**PROBLEM STATEMENT:**
Word for word, restate the lines from the top of the records below through the line with "HAFLER DH-500 Instructions", both included, with no pictures in the result.

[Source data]
>>>>>

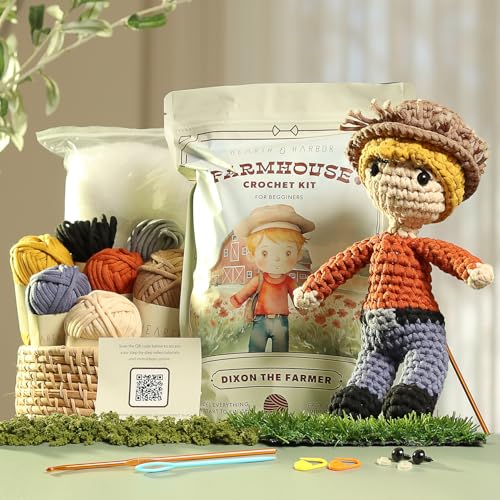 Amigurumi Häkelset für Anfänger, Erwachsene und Kinder, Häkelsets für Erwachsene Anfänger mit einfachem Garn, gefülltes Häkeltier-Set mit Schritt-für-Schritt-Video-Tutorials - Dixon der Bauer Amigurumi Häkelset für Anfänger, Erwachsene und Kinder, Häkelsets für Erwachsene Anfänger mit einfachem Garn, gefülltes Häkeltier-Set mit Schritt-für-Schritt-Video-Tutorials - Dixon der Bauer von Hearth & Harbor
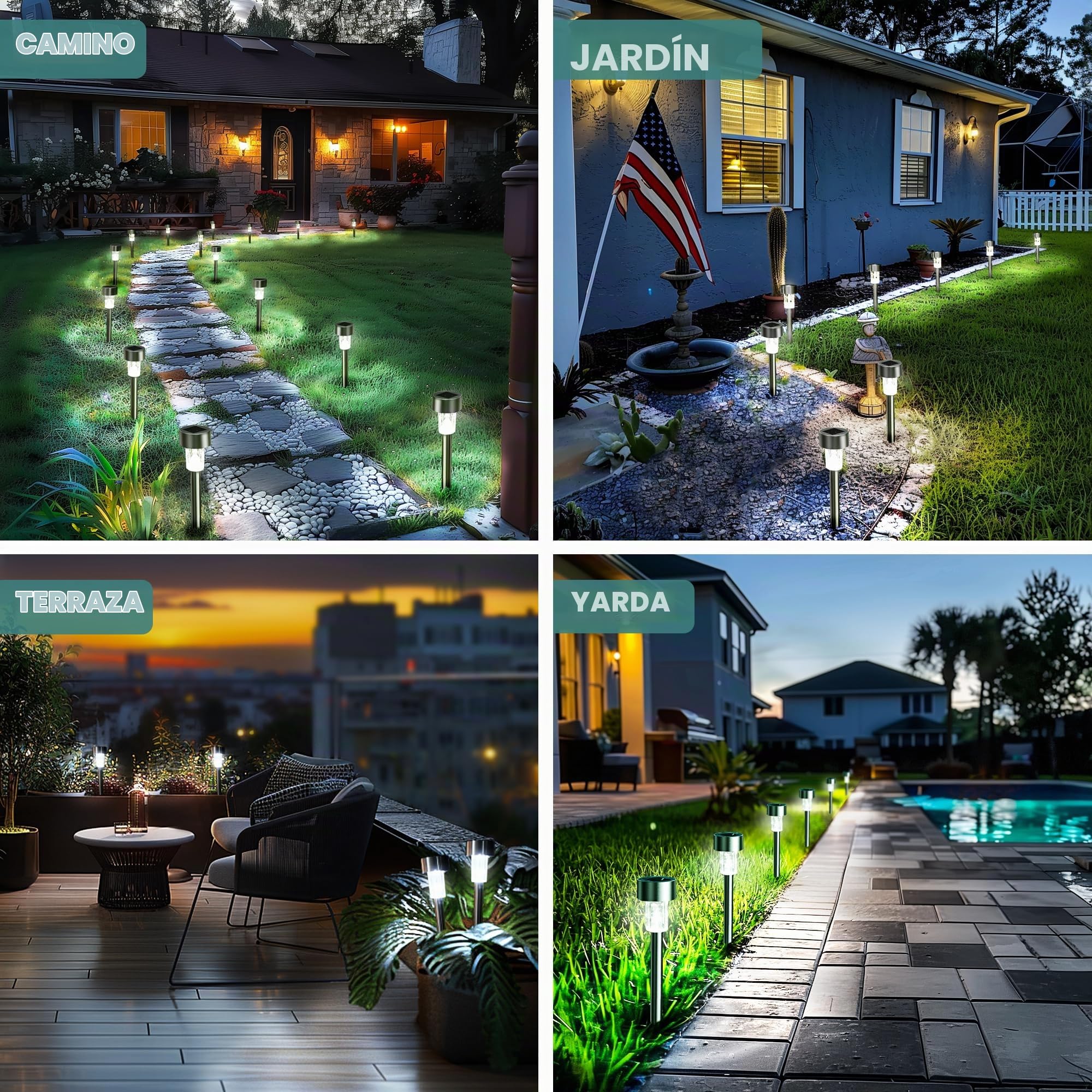GIGALUMI 24 Pack Solar Path Lights Outdoor,Solar Lights Outdoor Waterproof,Stainless Steel LED Landscape Lighting,Solar Garden Lights for Driveway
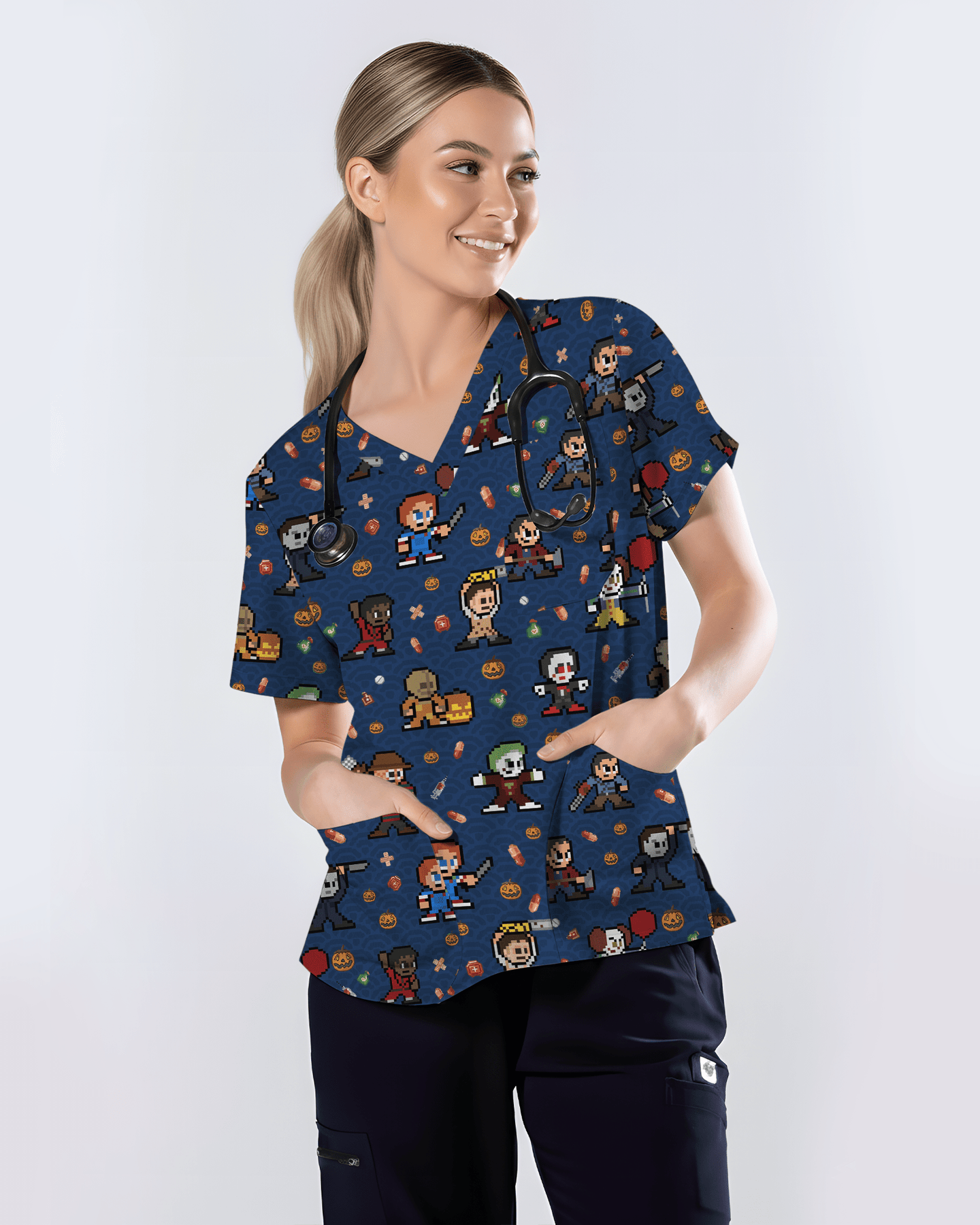 Retro Pixel Horror Movie Monsters Nursing Scrub Top - Scrubloop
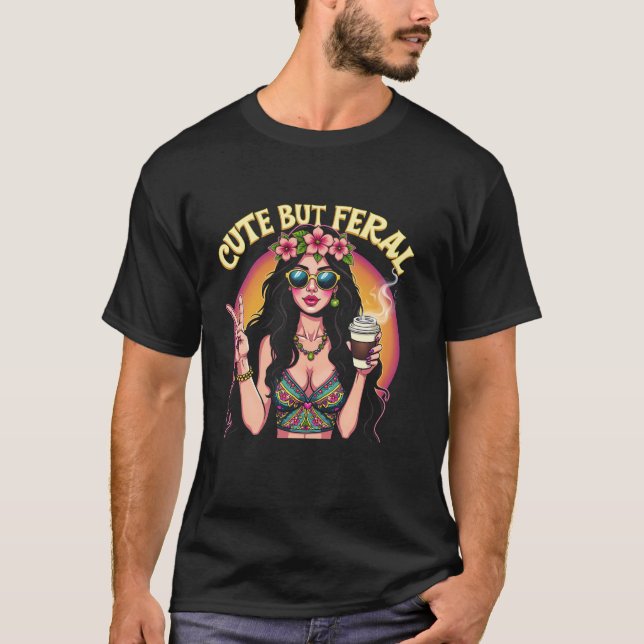 T-shirt Hippie Fille Vêtements Feral Femme Café Lover Paix (Devant)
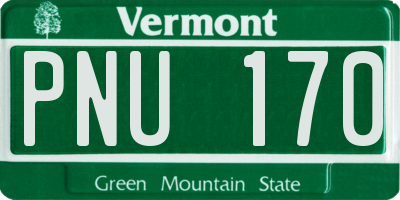 VT license plate PNU170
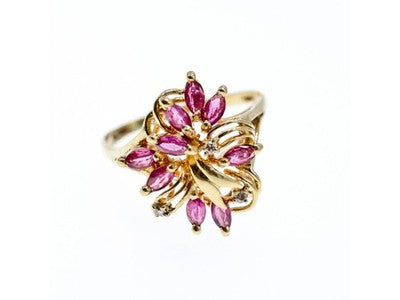 14K Yellow Gold Spinel & Diamonds Ring Size 10.5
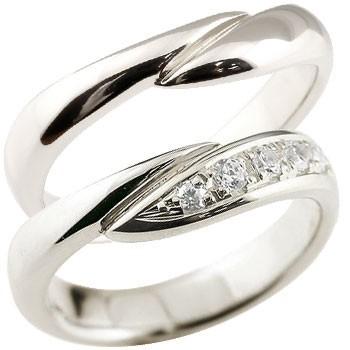 ペアリング ペア 結婚指輪 ダイヤモンド マリッジリング シルバー ダイヤ sv 結婚式 ウェーブリング カップル プレゼント 女性 送料無料 ホワイトデー 2024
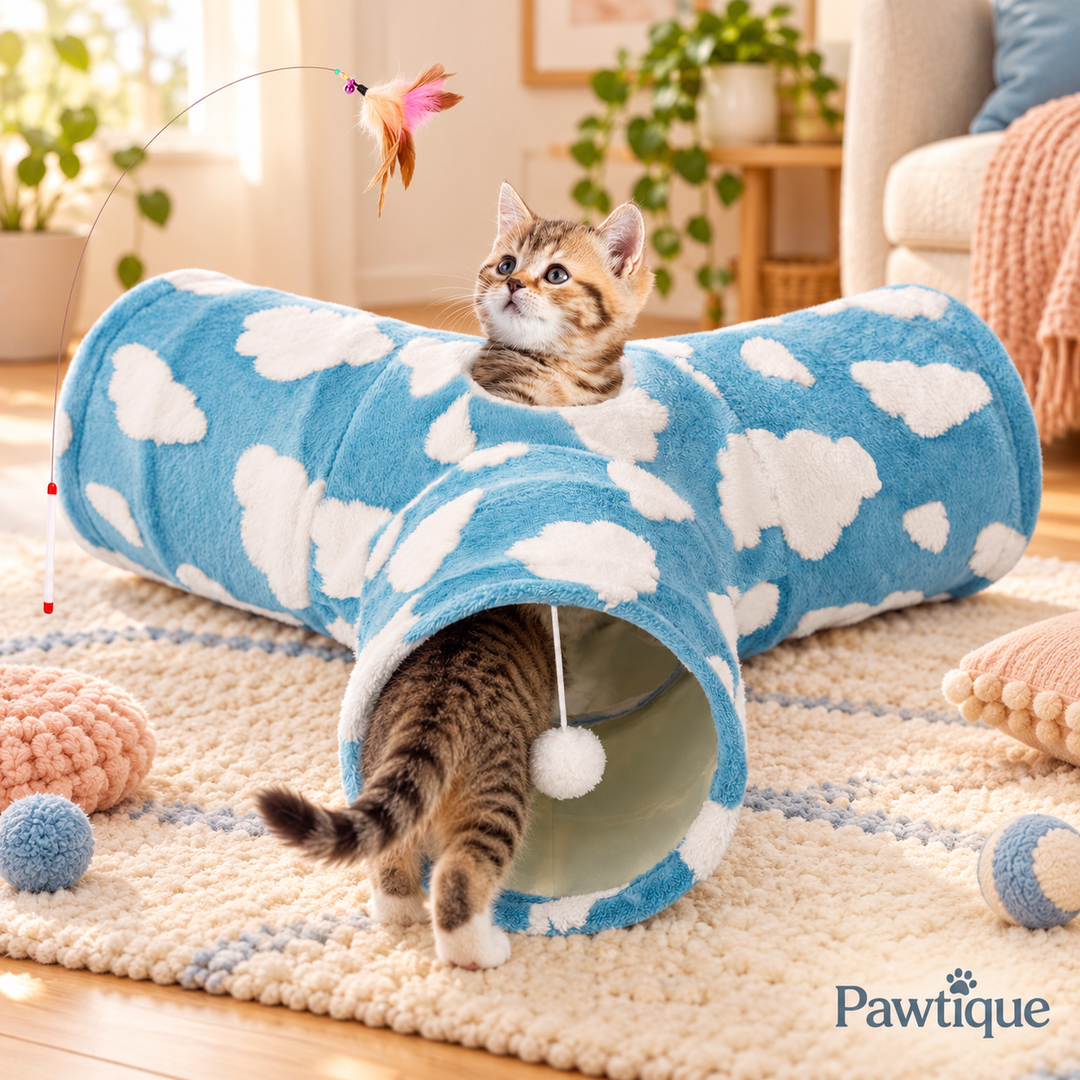 Pawtique three-way cat tunnel lifestyle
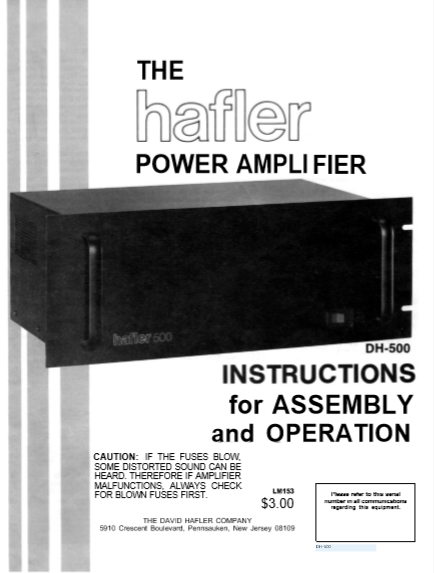 HAFLER DH-500 Instructions for Assembly Operation Manual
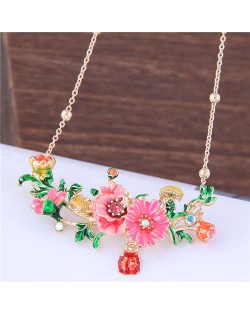 Oil-spot Glazed Prosperous Flowers Western Fashion Women Bib Necklace - Pink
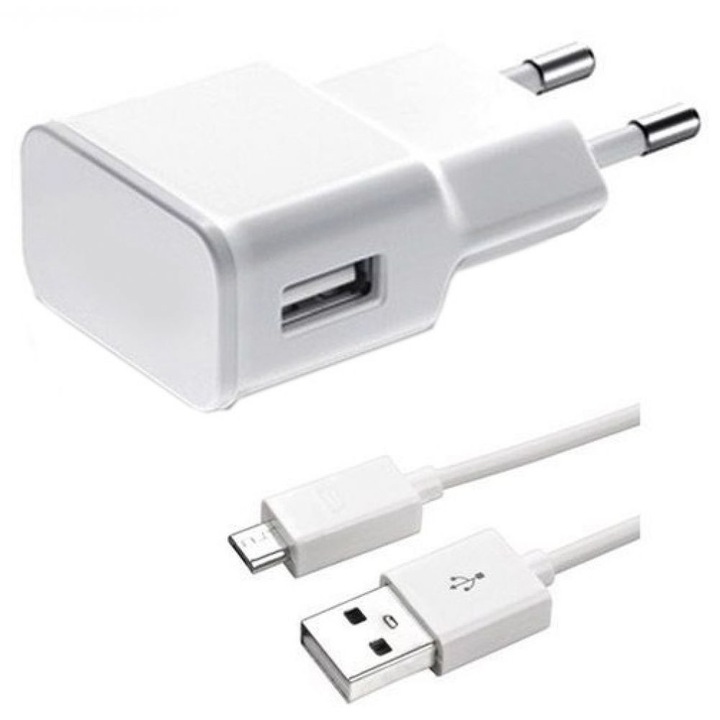 Мрежово зарядно устройство 1Tech, 5V/1A, 220V,1 x USB, С Micro USB кабел, Бял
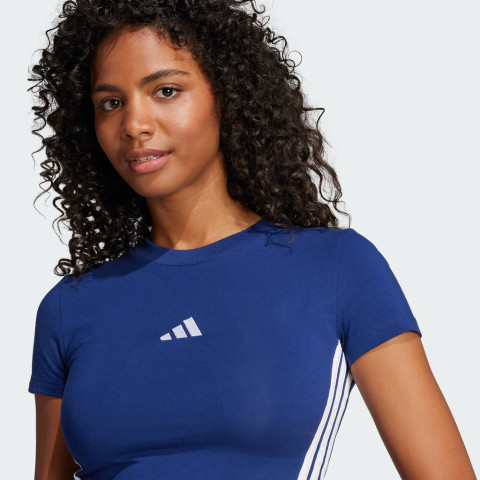 adidas Lifestyle Essentials 3-Stripes Slim Baby Tee Women Blue JE1240 Image7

<<<<<

**WORKED SOLUTION:**
 Amigurumi Häkelset für Anfänger, Erwachsene und Kinder, Häkelsets für Erwachsene Anfänger mit einfachem Garn, gefülltes Häkeltier-Set mit Schritt-für-Schritt-Video-Tutorials - Dixon der Bauer Amigurumi Häkelset für Anfänger, Erwachsene und Kinder, Häkelsets für Erwachsene Anfänger mit einfachem Garn, gefülltes Häkeltier-Set mit Schritt-für-Schritt-Video-Tutorials - Dixon der Bauer von Hearth & Harbor
GIGALUMI 24 Pack Solar Path Lights Outdoor,Solar Lights Outdoor Waterproof,Stainless Steel LED Landscape Lighting,Solar Garden Lights for Driveway
 Retro Pixel Horror Movie Monsters Nursing Scrub Top - Scrubloop
 T-shirt Hippie Fille Vêtements Feral Femme Café Lover Paix (Devant)
 VT license plate PNU170
 14K Yellow Gold Spinel & Diamonds Ring Size 10.5
 ペアリング ペア 結婚指輪 ダイヤモンド マリッジリング シルバー ダイヤ sv 結婚式 ウェーブリング カップル プレゼント 女性 送料無料 ホワイトデー 2024
 Pawtique three-way cat tunnel lifestyle
 HAFLER DH-500 Instructions for Assembly Operation Manual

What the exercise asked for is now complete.